Leo Belgicus – Lion map of the Seventeen Provinces,
“Novus XVII Inferioris Germaniae Provinciarum“,copper engraving published in Leiden in 1643 by Jacques Marcus. The map appeared as a title page in Famiano Strada´s “De Bello Belgico” [About the War in the Low Countries]. Coloured by a later hand. Size. 15,8 x 9,1 cm.
The Dutch lion is a household name. The animal symbolizes the strength and courage of the country. The lion plays an important role in today’s football, but the image of the Netherlands as a lion was introduced in difficult times, at the end of the 16th century. From the middle of the Eigthy Years’ War against the Spanish, the Netherlands served as a model for a series of lion maps that came on the market.
The lion map not only functioned as a useful map, but was often hung on the wall as a statement. An expression of active citizenship, of pride, of self-awareness and often served as a spectacular eyecatcher in a commercial office of a government building.
Gallia Belgica was the northern part of Gaul between the Seine and the Rhine in Roman times. As a Latin name, Belgica later became synonymous with the Seventeen Provinces and the Low Countries.

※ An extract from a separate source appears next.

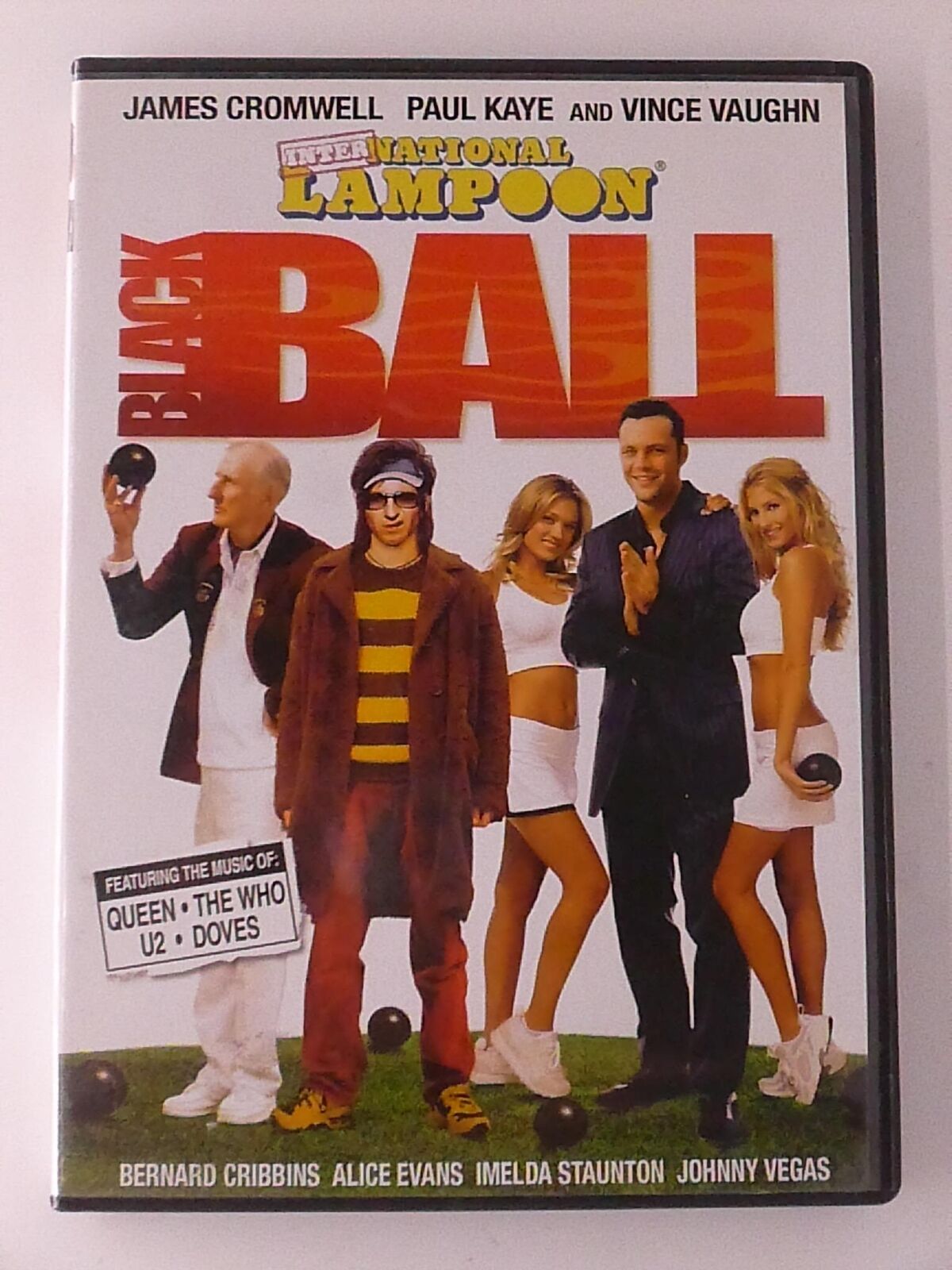 National Lampoons - Black Ball (DVD, 2003) - K6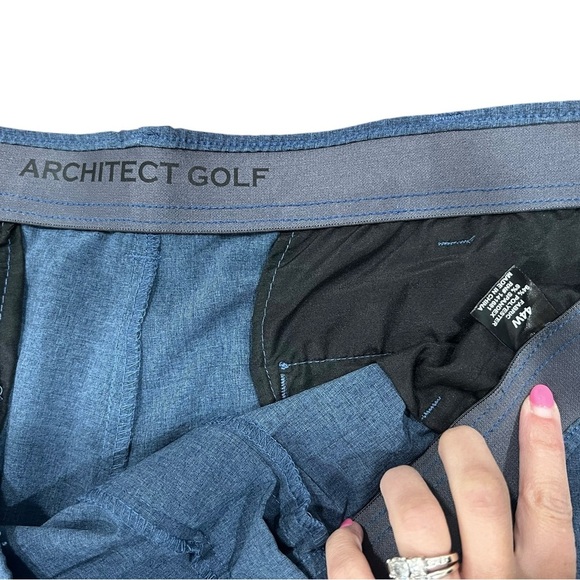 Architect Golf Blue Performance Shorts Men’s Size 44 - Picture 3 of 3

Famiano Strada‘s book on the Eighty Years’ War was first published in 1632. It was a commercial success and appeared in different editions until 1700 that were published in Rome, Antwerp, Leuven, Leiden and Amsterdam. In all editions, a lion map is used as one of the title pages. For this the map was re-engraved several times.
Literature: “Leo Belgicus – An illustrated and annotated carto-bibliography” (2006) by H.A.M. van der Heijden, nr. 12.1.